The Justice Department responded by saying that Trump’s legal theory for when he can deem records from his White House as personal is wrong.
“Plaintiff may not designate records qualifying as ‘Presidential Records’ under the Presidential Record Act … as his ‘personal’ records simply by saying so,” the department said, adding that such a theory would “nullify” the purpose of the law.
The assertions came in dueling “global issues” briefs that Trump and DOJ filed last week under seal to lay out their big picture arguments about how special master Raymond Dearie, a senior judge in Brooklyn, should approach his review of the materials the FBI seized from Trump’s Florida home in August.
US District Judge Aileen Cannon – who appointed Dearie to conduct a third-party review of what documents should be withheld from investigators because of privilege issues – unsealed a redacted version of the briefs on Monday.
The Justice Department told the special master that prosecutors should be allowed to use nearly 2,800 documents in its criminal probe while the remaining privilege disputes are hashed out.

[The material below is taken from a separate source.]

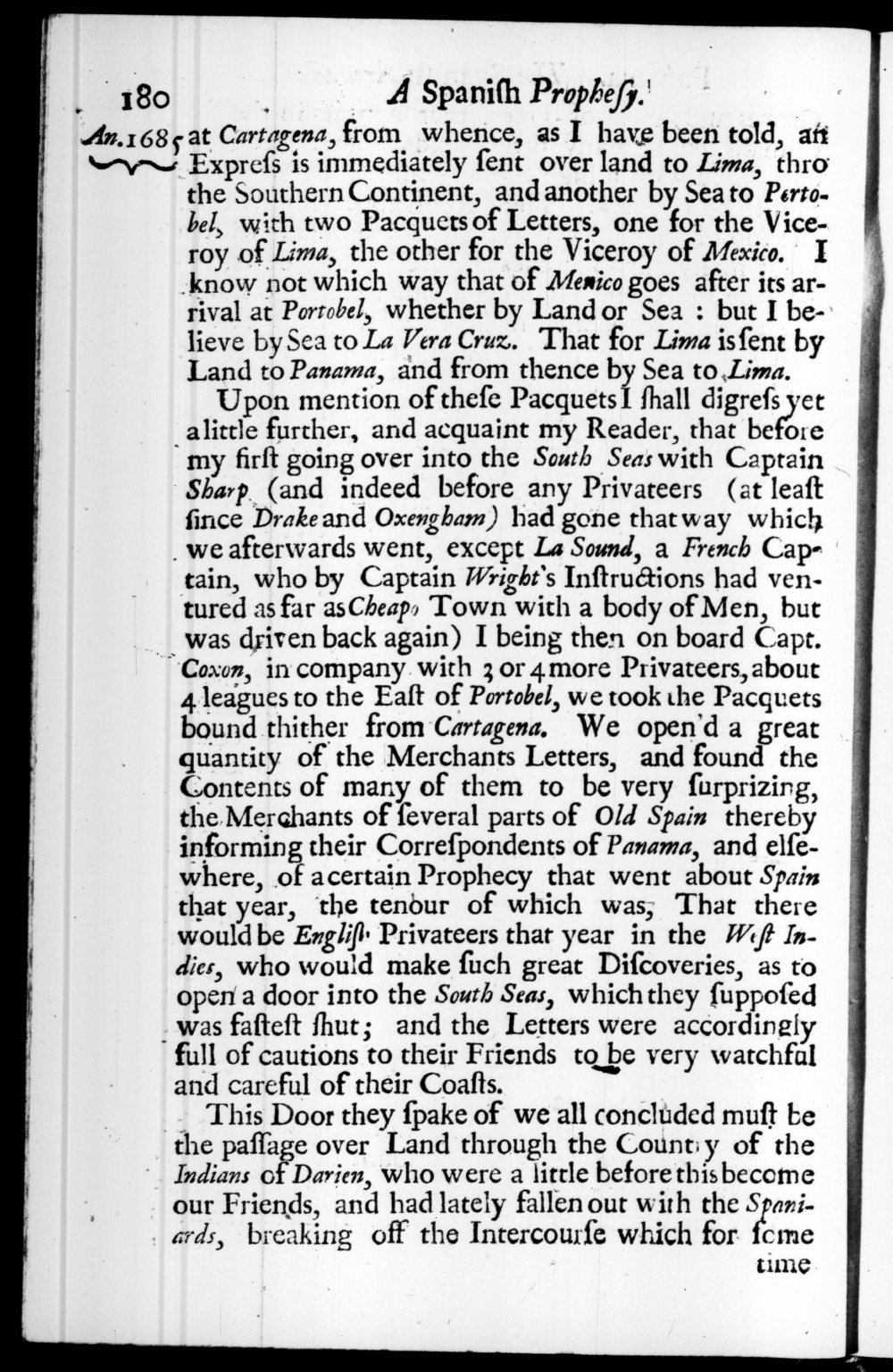 Page 180 screenshot of the book A New Voyage Round the World by William Dampier (1697 Edition).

That would mean criminal investigators could get access to most of the documents taken from the former president’s Florida resort that are still in dispute, while privilege issues are resolved over one document Trump claims is covered by attorney-client privilege and more than 121 documents he says are shielded by executive privilege, according to the new DOJ filing.
Trump has sought to categorize “several hundred” seized records as his personal records, the Justice Department said. While attacking his logic for doing so, the department also argued that even if the records are personal, they should not be withheld from the federal criminal investigation into alleged mishandling of materials from Trump’s White House found at Mar-a-Lago.
The former president argued that if the federal government disagreed with how Trump has designated the records as personal, it would have to sue him.
“Plaintiff was authorized to – and did in fact – designate the seized materials as personal records while he served as President,” Trump’s legal team wrote. “President Trump was still serving his term in office when the documents at issue were packed, transported, and delivered to his residence in Palm Beach, Florida. Thus, when he made a designation decision, he was President of the United States; his decision to retain certain records as personal is entitled to deference, and the records in question are thus presumptively personal.”
The special master’s review of the disputed documents – which amount to roughly 22,000 pages – does not encompass looking at documents from Mar-a-Lago that were marked as classified. Those are being looked at by intelligence authorities and criminal prosecutors.
Sparring over executive privilege
In addition to its rebuke of what Trump considers to be personal records, the department also countered assertions from Trump that if Dearie rejects Trump’s argument that a document is a personal record, the former president could then assert executive privilege over the document. “The Special Master should not indulge this type of gamesmanship,” the department wrote.
The department also pushed again that Trump be required to declare under oath whether the government accurately described what it took from Mar-a-Lago.
This would put the former president on the spot to back up public, out-of-court statements suggesting the FBI planted evidence in the search. Trump’s lawyers have resisted requests that he authenticate the government’s description of what it seized from his resort.
In the new filing, the department pointed to the previous move by Cannon to block a requirement for such a declaration. She did so at the time based on the principle that Trump had not had a chance to review the seized materials, DOJ noted.
“Now that Plaintiff has reviewed the seized materials and claimed the overwhelming majority of them to be his personal records, considerations of fairness, integrity, and evenhandedness require Plaintiff to do what the government has done – namely, verify the property inventory or correct it if he believes it to be in error,” prosecutors said.